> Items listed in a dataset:

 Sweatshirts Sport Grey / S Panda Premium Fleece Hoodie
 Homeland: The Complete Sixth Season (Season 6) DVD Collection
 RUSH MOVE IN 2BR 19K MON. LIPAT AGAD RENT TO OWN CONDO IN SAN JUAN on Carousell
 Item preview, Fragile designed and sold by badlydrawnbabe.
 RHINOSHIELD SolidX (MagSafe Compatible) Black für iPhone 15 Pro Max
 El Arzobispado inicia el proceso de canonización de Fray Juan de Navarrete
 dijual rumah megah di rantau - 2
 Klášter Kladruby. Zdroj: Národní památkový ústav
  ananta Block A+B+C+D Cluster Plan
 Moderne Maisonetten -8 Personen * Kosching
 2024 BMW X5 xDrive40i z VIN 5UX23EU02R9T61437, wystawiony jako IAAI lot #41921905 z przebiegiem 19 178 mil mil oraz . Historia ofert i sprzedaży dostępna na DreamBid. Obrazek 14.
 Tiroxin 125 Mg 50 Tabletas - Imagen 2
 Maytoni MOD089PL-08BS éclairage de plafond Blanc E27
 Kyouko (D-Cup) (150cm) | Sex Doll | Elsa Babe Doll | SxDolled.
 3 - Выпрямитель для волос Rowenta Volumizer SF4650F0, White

> EXERCISE DIRECTIONS: Copy exactly the lines above, starting at the opening line and finishing at the line in which "Moderne Maisonetten -8 Personen * Kosching" occurs.

> ANSWER TO THE EXERCISE:
 Sweatshirts Sport Grey / S Panda Premium Fleece Hoodie
 Homeland: The Complete Sixth Season (Season 6) DVD Collection
 RUSH MOVE IN 2BR 19K MON. LIPAT AGAD RENT TO OWN CONDO IN SAN JUAN on Carousell
 Item preview, Fragile designed and sold by badlydrawnbabe.
 RHINOSHIELD SolidX (MagSafe Compatible) Black für iPhone 15 Pro Max
 El Arzobispado inicia el proceso de canonización de Fray Juan de Navarrete
 dijual rumah megah di rantau - 2
 Klášter Kladruby. Zdroj: Národní památkový ústav
  ananta Block A+B+C+D Cluster Plan
 Moderne Maisonetten -8 Personen * Kosching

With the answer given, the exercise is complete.